## Scraped caption text data
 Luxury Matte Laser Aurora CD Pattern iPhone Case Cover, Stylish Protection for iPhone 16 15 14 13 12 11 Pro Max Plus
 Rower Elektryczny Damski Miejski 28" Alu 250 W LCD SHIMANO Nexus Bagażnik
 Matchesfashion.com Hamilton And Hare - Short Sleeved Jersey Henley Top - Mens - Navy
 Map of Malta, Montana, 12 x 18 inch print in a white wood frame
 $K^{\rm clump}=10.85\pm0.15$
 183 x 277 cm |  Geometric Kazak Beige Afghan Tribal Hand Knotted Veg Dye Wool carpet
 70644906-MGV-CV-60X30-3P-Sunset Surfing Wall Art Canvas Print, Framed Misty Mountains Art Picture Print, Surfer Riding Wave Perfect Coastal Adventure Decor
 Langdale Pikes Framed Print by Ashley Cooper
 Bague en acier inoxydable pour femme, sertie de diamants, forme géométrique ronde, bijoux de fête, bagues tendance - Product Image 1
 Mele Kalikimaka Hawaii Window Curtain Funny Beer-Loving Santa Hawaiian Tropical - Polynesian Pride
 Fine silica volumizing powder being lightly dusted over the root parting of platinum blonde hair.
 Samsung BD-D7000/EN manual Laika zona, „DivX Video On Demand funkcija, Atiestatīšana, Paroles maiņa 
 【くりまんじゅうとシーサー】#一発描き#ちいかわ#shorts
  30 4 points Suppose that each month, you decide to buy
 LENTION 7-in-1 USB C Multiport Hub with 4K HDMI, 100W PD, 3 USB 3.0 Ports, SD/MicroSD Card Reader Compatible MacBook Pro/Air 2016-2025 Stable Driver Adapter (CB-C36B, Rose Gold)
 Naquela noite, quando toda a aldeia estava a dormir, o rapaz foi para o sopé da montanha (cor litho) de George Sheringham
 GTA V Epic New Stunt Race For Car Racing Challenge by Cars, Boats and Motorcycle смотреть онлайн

## Problem statement
Looking at the records above, count the lines with the word "Framed" in them; reply with the number only.

## Exercise output
2